Le Conseil des prud'hommes de Cherbourg a été saisi sur un dossier concernant la pratique abusive de la directive européenne sur le détachement impliquant des ouvriers intérimaires polonais travaillant pour Bouygues sur le chantier de l'EPR de Flamanville. Les résultats de cette affaire pourraient accélérer la mise en place d'un nouveau projet de directive. Explications.
Le chantier de l'EPR de Flamanville connaît son lot de complexités : alors que des travailleurs étrangers dénonçaient, début janvier, leurs conditions de travail, aujourd'hui ce sont des ouvriers intérimaires polonais qui ont saisi le conseil des Prud'hommes de Cherbourg.

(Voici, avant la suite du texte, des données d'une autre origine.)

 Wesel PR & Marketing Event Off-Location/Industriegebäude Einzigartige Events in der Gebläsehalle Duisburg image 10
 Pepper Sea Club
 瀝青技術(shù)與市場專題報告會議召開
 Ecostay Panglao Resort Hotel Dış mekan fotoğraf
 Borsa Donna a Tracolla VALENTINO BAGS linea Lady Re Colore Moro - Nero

Dans le viseur : Bouygues et son agence d'intérim Atlanco Rimec. En effet, il semblerait que la directive européenne sur le détachement* intercommunautaire des ouvriers pose problème, notamment concernant les cotisations sociales. Ainsi, le quotidien Les Echos révèle que «l'agence chypriote Atlanco a retenu jusqu'à 30% du salaire de ces ouvriers au titre des impôts et de la sécurité sociale». Ce qui fait rétorquer à l'agence d'Interim, toujours selon Les Echos, «qu'elle a payé les cotisations à Chypre à une assurance privée». Un caisse privée au rabais, selon un représentant CGT cité dans le quotidien.

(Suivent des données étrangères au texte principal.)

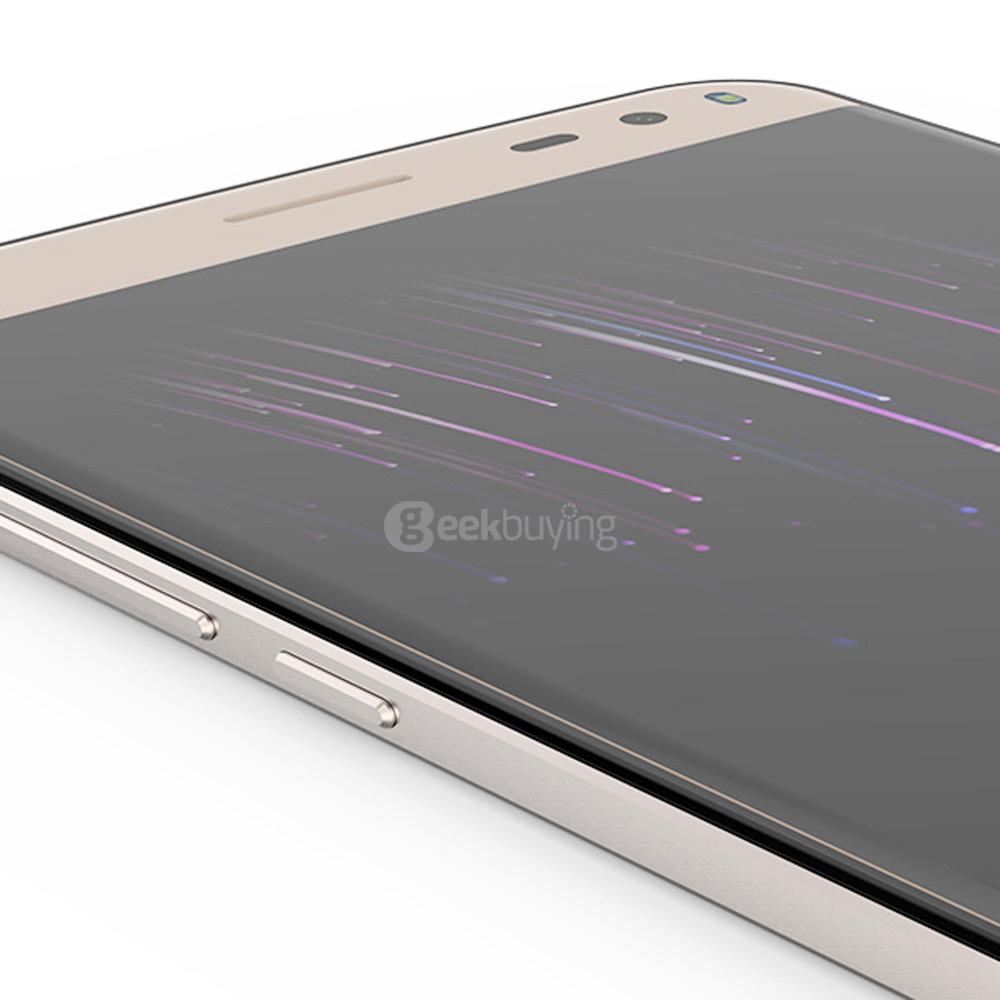 BLUBOO Xfire 2 5.0inch 2.5D IPS HD Screen 3G Smartphone Android 5.1 1GB 8GB MTK6580 1.2GHz Quad Core 8.0MP Touch ID - Gold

Vers une simplification de la directive européenne
Au cœur de cette polémique, se trouve bien la directive européenne sur le détachement. Celle-ci prévoit l'application du droit du pays d'accueil en matière de temps de travail, temps de repos, congés payés, taux de salaire minimum, sécurité, santé et hygiène. Mais que ce soit du côté de l'Europe ou des entreprises, tous s'accordent à réclamer une clarification du dispositif. Ainsi, Bouygues Travaux Publics, via Philippe Amequin, son directeur général délégué, déclare dans Les Echos : «La directive européenne sur le détachement est ambiguë sur le pays de paiement des cotisations sociales (…)». En effet, un salarié détaché peut rester sous le régime de sécurité sociale du pays d'origine pendant un an, renouvelable une fois. Reste des contours flous. De son côté, le Parlement européen semble conscient du problème puisqu'un nouveau projet de directive serait en préparation, selon la présidente de la commission de l'Emploi et des Affaires sociales interrogée dans Les Echos.

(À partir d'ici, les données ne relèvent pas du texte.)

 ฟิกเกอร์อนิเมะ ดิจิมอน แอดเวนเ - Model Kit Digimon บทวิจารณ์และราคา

C'est aussi pourquoi, les conclusions des prud'hommes de Cherbourg sur le dossier des ouvriers polonais travaillant sur le chantier de l'EPR seront scrutées avec attention. Elles pourraient en effet donner un coup d'accélérateur à des améliorations du dispositif. Affaire à suivre…
Découvrez la directive sur le détachement ici
* Travailleur détaché : selon la directive, il s'agit de tout travailleur qui, pendant une période limitée, exécute son travail sur le territoire d'un État membre autre que l'État sur le territoire duquel il travaille habituellement.